Ich möchte aber doch in aller Deutlichkeit hier anmerken, dass das auf der anderen Seite nicht bedeuten kann, dass sich die politischen Kräfte völlig aus dem Gestaltungsprozess der Gesellschaft zurückziehen. Ich meine, es wäre fatal, es wäre falsch, zu meinen, dass politisch interessierte und engagierte Menschen von verantwortungsvollen Aufgaben im öffentlichen Dienst und in der öffentlichen Wirtschaft ausgeschlossen sein sollen. Dadurch würden wir uns doch zum Handlanger einer Entwicklung machen, die für unsere Demokratie zu einer gegenteiligen, ja mitunter sogar gefährlichen Situation führen könnte.

Politisches Engagement – da wird mir hier wohl jeder Recht geben – stellt doch die eigentliche Grundlage jeder Demokratie dar. Politik und Parteien sind daher an sich etwas Wertvolles, weil Menschen, die politisch denken, die politisch handeln und die Verantwortung auch für andere übernehmen wollen, in dieser Situation Profil zeigen und ihre Aufgaben und ihre Verantwortung wahrnehmen. (Beifall bei der SPÖ.)

Wer daher meint, Politik und Parteien sollten keine Rolle mehr spielen, dürften keine Bedeutung mehr haben, bringt doch damit auch zum Ausdruck, dass Politik eigentlich nichts wert ist. – Ich meine jedenfalls, dass eine solche Einstellung nicht richtig ist. (Beifall bei der SPÖ.)

Was würde denn das bedeuten? – Wir würden die Gesellschaft und viele wichtige Funktionen in dieser Gesellschaft verantwortungslosen Technokraten – im wahrsten Sinne des Wortes! – überlassen, die keine Meinung und keine Einstellung zu ihrer Arbeit, den Menschen und der Gesellschaft gegenüber haben.

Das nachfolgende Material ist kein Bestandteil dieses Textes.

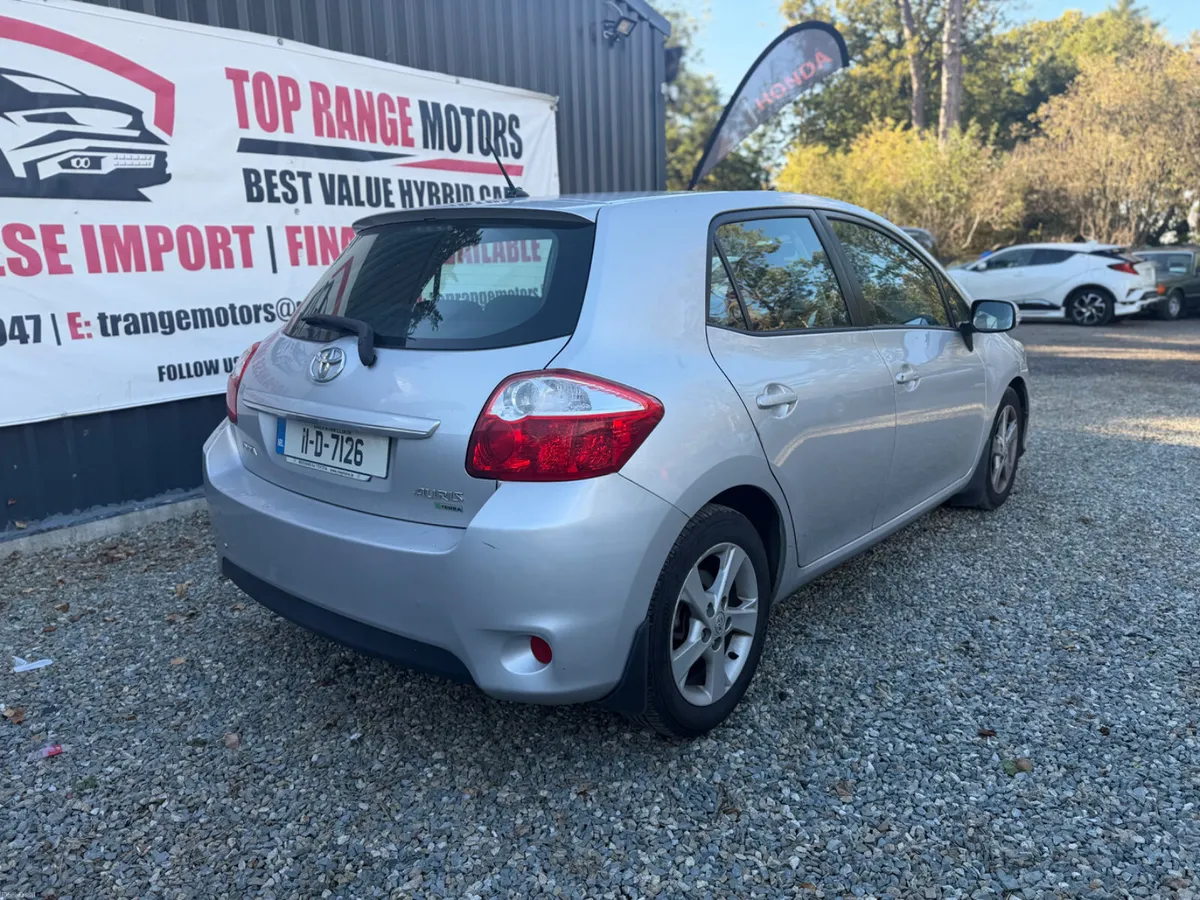 Toyota Auris 2011 - Image 6
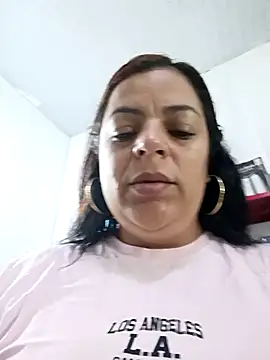 Snapshot of Mia-Glow chatting on 10-10-25, 12:37 Mia-Glow online show from 10-10-25, 12:37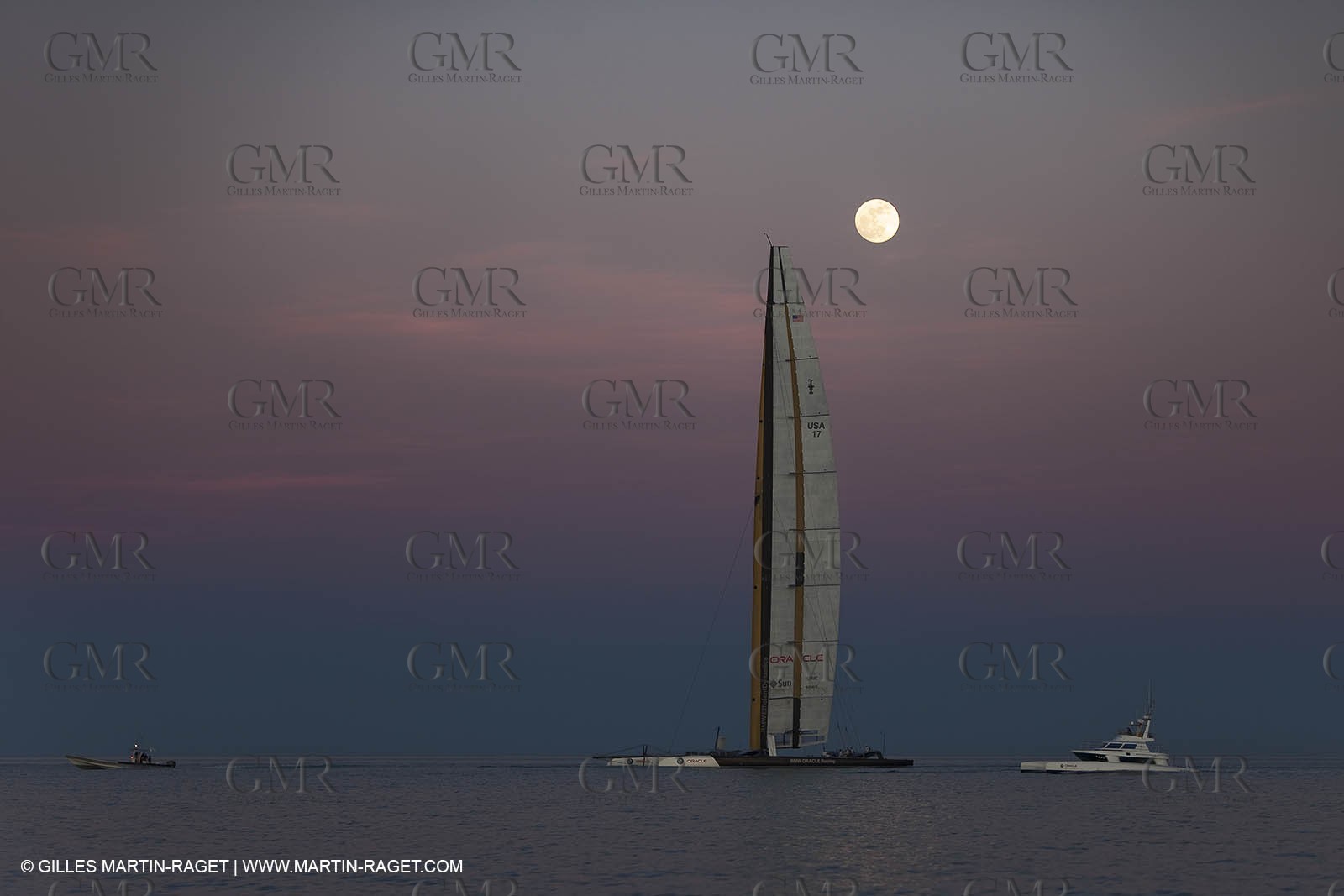 27 01 2010 - Valencia (ESP) - 33rd America's Cup - BMW ORACLE Racing - Training in Valencia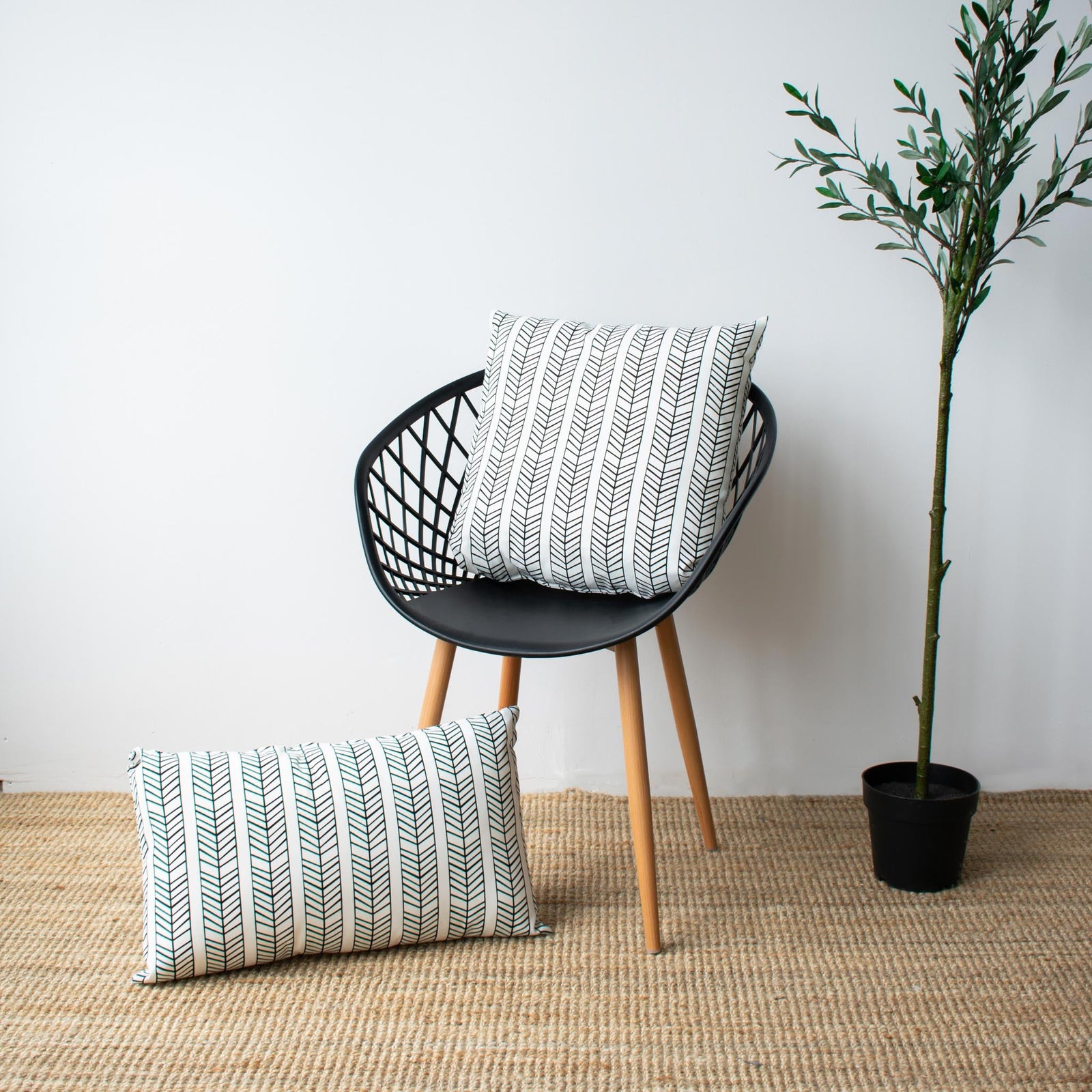 OUTDOOR PILLOW - BLACK AND WHITE LUMBAR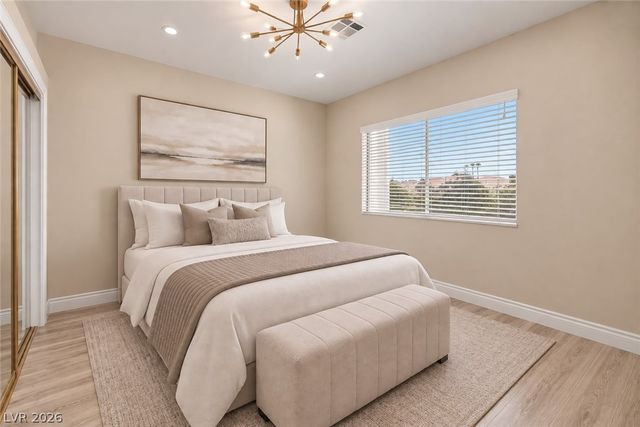 2960 Sun Lake Drive, Las Vegas, NV 89128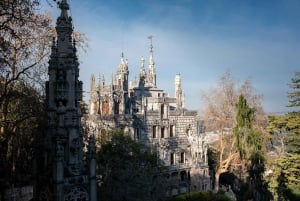 Lisboa: Halvdagsutflukt til Sintra med Pena-palasset og Regaleira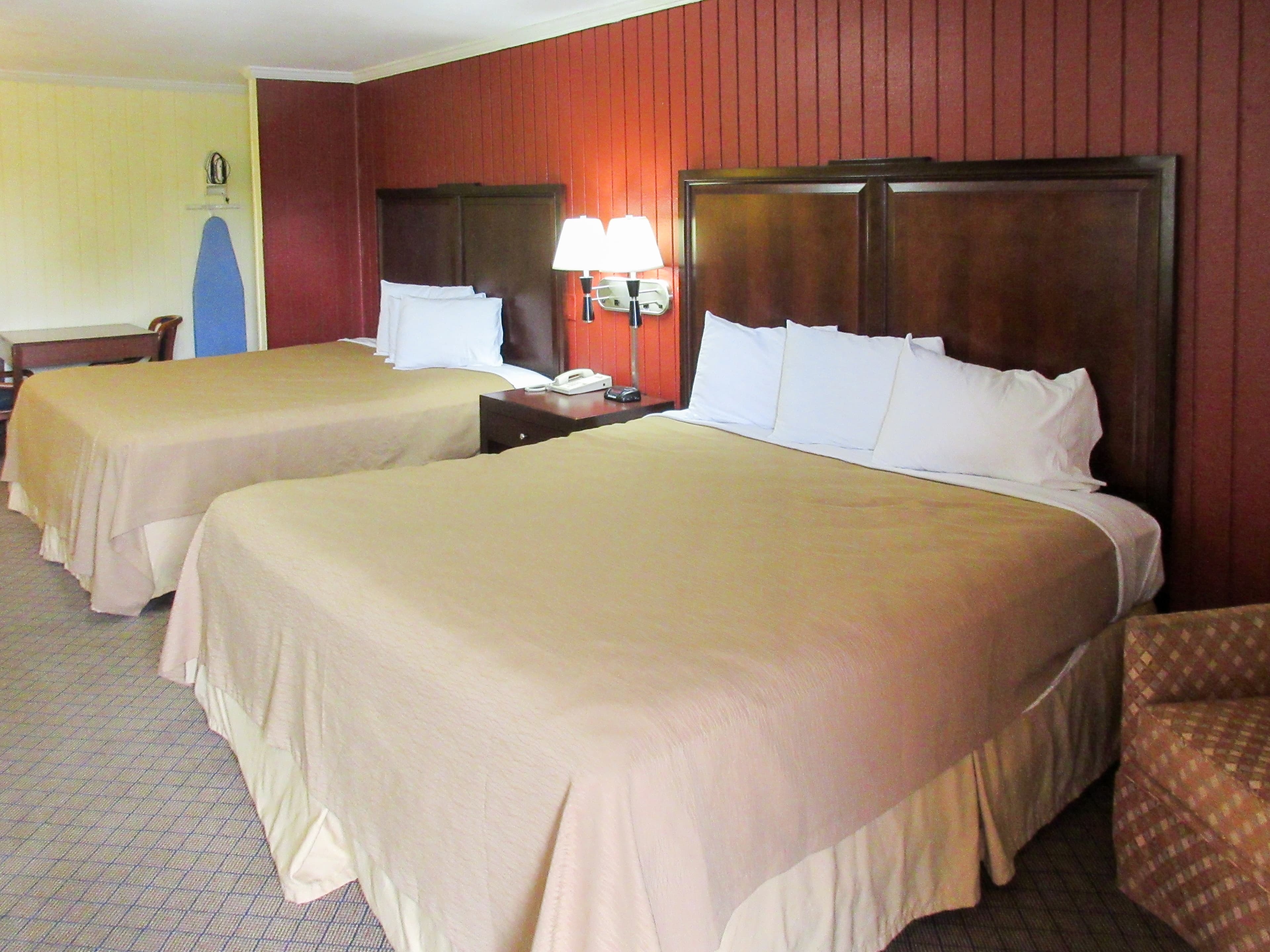 Rodeway Inn Kansas City Downtown Area — 10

Politik bedeutet aber, wie ich meine, Verantwortung, bedeutet Gestaltungswillen für die Gesellschaft. Und Politik ist auch Gestaltungsauftrag der Gesellschaft – legitimiert durch demokratische Wahlen. Dazu bedarf es aber politisch interessierter Menschen in allen Bereichen der Gesellschaft, und dazu braucht man letztendlich auch ein Instrument zur Umsetzung.

Wir brauchen daher – dazu bekenne ich mich – in der Verwaltung gesellschaftlich und politisch interessierte und engagierte Menschen. Wir brauchen Beamte, die nicht nur die Buchstaben des Gesetzes erfüllen und diese auswendig können, sondern wir brauchen auch solche, die sich Gedanken über die Auswirkungen der Gesetze auf den Bürger machen. Ich sage daher selbstverständlich ja dazu, dass sich der öffentliche Dienst die besten Köpfe sucht, dass die fachliche Eignung bei Stellenbesetzungen genauestens geprüft wird und die Voraussetzung für eine Aufnahme im öffentlichen Dienst darstellt.

Für eine Aufnahme in den öffentlichen Dienst gilt ja daher auch seit 1989 das Ausschreibungsgesetz, und es gibt seither für alle Aufnahmen Ausschreibungen und Testverfahren. Das Ausschreibungsgesetz hat Information und Zugang in Bezug auf alle freien Stellen zu ermöglichen, es garantiert moderne Personalauswahlverfahren, und die Personalaufnahme wird durch überprüfbare Verfahren objektiviert. Dass es dabei immer wieder auch weitere Verbesserungen geben kann, möchte ich gar nicht in Abrede stellen.

Daher sage ich auch ein klares Ja zur ständigen Verbesserung von Auswahlkriterien. Dazu gibt es etwa jene Vorschläge, die SPÖ und ÖVP zur Objektivierung der Personalpolitik bei Neuaufnahmen und bei Beförderungen ausgearbeitet haben.

Es werden beispielsweise bundesweite anonymisierte Bewerbertests und Leistungsfeststellungen und eine stärkere Kontrolle auch der Ressortverantwortlichkeit vorgeschlagen. Dazu sage ich ja.

Ich sage aber nein – und das möchte ich in aller Deutlichkeit feststellen – zu einer Verteufelung der Politik und zu einem öffentlichen Dienst, in dem politisches Denken und Engagement von Menschen ein Hinderungsgrund dafür wäre, beruflich tätig zu werden oder weiterzukommen.